** Task instructions **
Retype, word for word, every line of the records below starting at the one that contains "TMNT | Rafael" and ending at the one that contains "Autre Marque Anello"; include both of those lines and nothing more.

** Data listing **
........

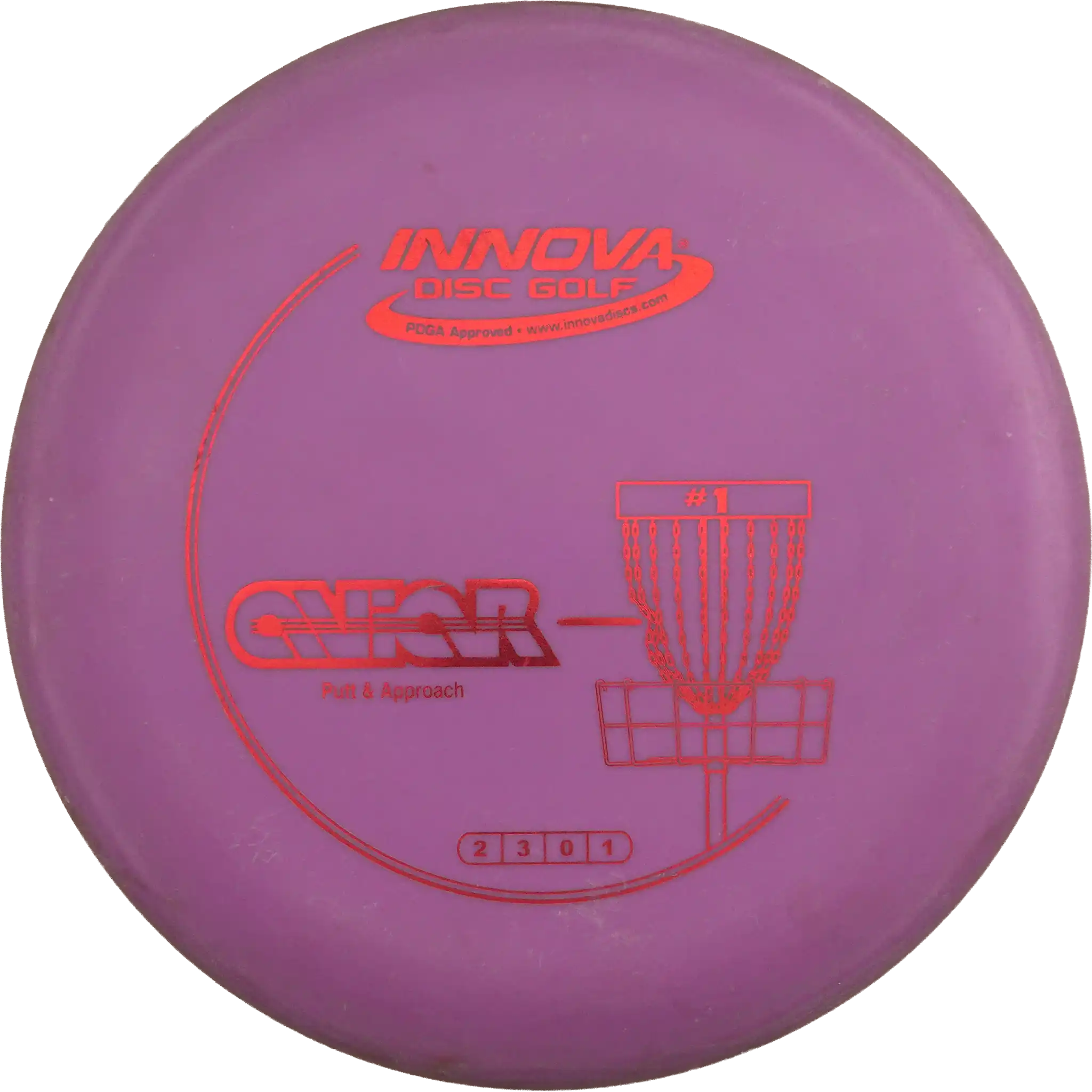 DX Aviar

........

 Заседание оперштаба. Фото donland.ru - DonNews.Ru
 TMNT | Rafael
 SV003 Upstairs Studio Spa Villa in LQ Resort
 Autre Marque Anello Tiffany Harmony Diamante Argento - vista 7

........

** Solution for this task **
 TMNT | Rafael
 SV003 Upstairs Studio Spa Villa in LQ Resort
 Autre Marque Anello Tiffany Harmony Diamante Argento - vista 7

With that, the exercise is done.